Background/objectives

Individuals with type 1 diabetes have a high risk of developing cardiovascular diseases, and it has been reported that they consume a high atherogenic diet. We examined how nutrient intake and adherence to current European nutritional recommendations evolved in a large cohort of European individuals with type 1 diabetes over a period of 7 years.

Subjects/methods

We analysed data from the EURODIAB Prospective Complications Study, a European multicentre prospective cohort study. Standardized 3-day dietary records were employed in individuals with type 1 diabetes. One thousand one hundred and two patients (553 men, 549 women, baseline age 33 ± 10 years, duration 15 ± 9 years) had complete nutritional data available at baseline and after 7 years. We calculated mean differences in reported nutrients over time and adjusted these for age, gender, HbA1c and BMI with ANOVA models.

Results

Compared to baseline, there were minor changes in nutrients. Reported protein (−0.35 % energy (en), fat (−1.07 % en), saturated fat (−0.25 % en) and cholesterol (−7.42 mg/1000 kcal) intakes were lower, whereas carbohydrate (+1.23 % en) and fibre (+0.46 g/1000 kcal) intakes were higher at the 7-year follow-up.
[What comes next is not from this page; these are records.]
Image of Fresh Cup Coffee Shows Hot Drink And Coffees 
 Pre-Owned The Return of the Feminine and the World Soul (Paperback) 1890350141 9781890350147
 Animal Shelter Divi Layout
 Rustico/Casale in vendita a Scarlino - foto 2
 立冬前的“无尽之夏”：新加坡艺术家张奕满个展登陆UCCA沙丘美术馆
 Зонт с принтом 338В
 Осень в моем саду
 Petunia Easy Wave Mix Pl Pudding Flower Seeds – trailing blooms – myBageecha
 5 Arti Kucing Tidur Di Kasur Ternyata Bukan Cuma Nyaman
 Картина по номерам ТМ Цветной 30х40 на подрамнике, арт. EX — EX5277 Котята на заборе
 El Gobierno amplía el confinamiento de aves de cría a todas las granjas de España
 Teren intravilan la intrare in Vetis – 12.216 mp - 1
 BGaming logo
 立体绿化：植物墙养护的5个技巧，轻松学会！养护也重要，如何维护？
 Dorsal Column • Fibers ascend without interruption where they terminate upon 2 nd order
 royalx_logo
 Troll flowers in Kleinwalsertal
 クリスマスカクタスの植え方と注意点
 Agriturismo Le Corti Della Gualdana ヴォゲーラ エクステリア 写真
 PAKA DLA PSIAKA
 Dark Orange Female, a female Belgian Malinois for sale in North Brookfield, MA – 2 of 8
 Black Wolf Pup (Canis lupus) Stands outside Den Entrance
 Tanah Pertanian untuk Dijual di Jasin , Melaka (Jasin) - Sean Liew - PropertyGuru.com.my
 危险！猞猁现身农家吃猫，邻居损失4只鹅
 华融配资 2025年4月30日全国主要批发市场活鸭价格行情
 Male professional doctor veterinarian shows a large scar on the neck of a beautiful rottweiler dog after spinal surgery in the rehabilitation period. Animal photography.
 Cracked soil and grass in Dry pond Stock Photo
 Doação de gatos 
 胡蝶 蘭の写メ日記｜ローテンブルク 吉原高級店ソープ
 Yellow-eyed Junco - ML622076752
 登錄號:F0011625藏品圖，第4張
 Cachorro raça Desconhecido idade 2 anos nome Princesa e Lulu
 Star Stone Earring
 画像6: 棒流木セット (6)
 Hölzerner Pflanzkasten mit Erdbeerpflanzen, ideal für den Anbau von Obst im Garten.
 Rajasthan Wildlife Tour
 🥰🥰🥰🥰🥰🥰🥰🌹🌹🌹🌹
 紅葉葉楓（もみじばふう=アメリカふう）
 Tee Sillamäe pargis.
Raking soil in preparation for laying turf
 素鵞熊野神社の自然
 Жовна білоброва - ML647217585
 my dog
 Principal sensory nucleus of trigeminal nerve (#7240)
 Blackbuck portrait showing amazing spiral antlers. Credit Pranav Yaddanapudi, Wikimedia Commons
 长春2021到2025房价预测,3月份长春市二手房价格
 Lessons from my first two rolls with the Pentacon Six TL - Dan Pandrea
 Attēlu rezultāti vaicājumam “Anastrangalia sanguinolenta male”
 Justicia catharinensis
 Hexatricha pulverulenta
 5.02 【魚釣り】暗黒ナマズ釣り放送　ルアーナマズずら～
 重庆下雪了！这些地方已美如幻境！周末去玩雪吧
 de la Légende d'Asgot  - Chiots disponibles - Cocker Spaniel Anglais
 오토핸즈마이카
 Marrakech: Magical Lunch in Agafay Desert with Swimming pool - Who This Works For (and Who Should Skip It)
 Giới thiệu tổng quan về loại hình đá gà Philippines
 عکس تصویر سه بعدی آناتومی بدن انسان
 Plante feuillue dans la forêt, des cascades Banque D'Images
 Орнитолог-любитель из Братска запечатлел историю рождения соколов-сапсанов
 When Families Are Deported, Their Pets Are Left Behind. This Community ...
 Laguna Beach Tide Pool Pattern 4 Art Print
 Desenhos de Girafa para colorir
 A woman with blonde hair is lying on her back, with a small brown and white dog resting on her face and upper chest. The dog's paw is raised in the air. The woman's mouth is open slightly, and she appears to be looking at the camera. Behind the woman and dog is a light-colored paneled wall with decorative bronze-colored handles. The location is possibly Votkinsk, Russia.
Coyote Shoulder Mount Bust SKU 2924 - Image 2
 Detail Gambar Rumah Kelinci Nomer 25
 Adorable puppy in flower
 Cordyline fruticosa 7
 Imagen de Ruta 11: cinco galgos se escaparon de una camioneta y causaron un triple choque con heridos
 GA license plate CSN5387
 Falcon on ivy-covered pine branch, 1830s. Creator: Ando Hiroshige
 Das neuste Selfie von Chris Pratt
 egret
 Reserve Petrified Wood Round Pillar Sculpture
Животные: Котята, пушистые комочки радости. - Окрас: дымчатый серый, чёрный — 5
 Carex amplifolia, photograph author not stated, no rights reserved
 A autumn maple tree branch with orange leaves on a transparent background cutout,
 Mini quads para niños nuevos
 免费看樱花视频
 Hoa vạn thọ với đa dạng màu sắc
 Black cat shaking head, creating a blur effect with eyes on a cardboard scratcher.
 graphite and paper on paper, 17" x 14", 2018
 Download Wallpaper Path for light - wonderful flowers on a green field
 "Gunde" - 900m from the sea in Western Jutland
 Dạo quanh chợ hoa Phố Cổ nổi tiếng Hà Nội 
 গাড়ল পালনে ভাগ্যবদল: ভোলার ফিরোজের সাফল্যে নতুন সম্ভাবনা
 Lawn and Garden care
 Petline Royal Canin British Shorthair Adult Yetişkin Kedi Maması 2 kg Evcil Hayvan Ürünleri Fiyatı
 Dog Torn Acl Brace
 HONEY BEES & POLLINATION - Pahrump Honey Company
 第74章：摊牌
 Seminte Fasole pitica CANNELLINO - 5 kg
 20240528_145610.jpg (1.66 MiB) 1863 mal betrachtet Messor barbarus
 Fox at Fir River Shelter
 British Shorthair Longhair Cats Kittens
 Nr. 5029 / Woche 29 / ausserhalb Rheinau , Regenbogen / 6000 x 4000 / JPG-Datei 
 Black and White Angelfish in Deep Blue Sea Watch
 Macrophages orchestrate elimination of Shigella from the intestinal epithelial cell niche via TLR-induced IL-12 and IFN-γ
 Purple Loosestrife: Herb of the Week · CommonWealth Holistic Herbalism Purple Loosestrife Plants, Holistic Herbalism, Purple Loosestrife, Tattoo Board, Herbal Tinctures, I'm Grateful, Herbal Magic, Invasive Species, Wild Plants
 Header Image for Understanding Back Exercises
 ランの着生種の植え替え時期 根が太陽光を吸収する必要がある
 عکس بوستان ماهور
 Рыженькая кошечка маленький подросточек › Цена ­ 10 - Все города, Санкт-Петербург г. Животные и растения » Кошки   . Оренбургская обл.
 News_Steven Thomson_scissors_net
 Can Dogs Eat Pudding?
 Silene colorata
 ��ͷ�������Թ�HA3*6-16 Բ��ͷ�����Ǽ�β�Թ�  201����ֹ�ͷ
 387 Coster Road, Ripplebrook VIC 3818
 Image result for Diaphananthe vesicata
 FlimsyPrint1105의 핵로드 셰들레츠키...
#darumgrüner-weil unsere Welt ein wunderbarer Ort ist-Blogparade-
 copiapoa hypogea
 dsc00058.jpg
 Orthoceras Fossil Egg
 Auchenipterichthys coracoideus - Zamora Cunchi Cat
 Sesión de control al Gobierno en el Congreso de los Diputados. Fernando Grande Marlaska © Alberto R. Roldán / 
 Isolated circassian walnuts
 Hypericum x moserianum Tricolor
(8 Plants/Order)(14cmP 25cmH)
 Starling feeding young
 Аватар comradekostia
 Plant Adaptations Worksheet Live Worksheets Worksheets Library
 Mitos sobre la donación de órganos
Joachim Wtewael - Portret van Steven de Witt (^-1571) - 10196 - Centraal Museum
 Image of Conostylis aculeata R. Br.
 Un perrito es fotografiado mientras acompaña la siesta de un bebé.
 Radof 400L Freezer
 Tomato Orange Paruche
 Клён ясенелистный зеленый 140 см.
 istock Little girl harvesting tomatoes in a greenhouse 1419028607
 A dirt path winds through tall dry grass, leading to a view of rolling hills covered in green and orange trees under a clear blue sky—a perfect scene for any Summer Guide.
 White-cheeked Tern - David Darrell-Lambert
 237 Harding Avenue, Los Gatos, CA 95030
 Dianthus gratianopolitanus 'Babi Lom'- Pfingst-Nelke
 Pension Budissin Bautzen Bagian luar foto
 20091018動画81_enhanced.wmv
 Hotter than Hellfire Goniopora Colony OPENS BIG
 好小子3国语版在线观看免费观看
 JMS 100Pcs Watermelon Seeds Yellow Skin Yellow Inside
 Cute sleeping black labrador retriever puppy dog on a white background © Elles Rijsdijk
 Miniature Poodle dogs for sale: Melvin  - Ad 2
European recommendations for adequate nutrient intakes were followed in individuals with type 1 diabetes for protein (76 % at baseline and 78 % at follow-up), moderately for fat (34, 40 %), carbohydrate (34, 41 %) and cholesterol (39, 47 %), but poorly for fibre (1.4, 2.4 %) and saturated fat (11, 13 %).

Conclusion

European individuals with type 1 diabetes consume a high atherogenic diet as few patients met recommendations for dietary fibre and saturated fat. This study showed minor changes in dietary nutrients and energy intakes over a period of 7 years. Nutrition education needs particular focus on strategies to increase dietary fibre and reduce saturated fat to exploit their potential benefit.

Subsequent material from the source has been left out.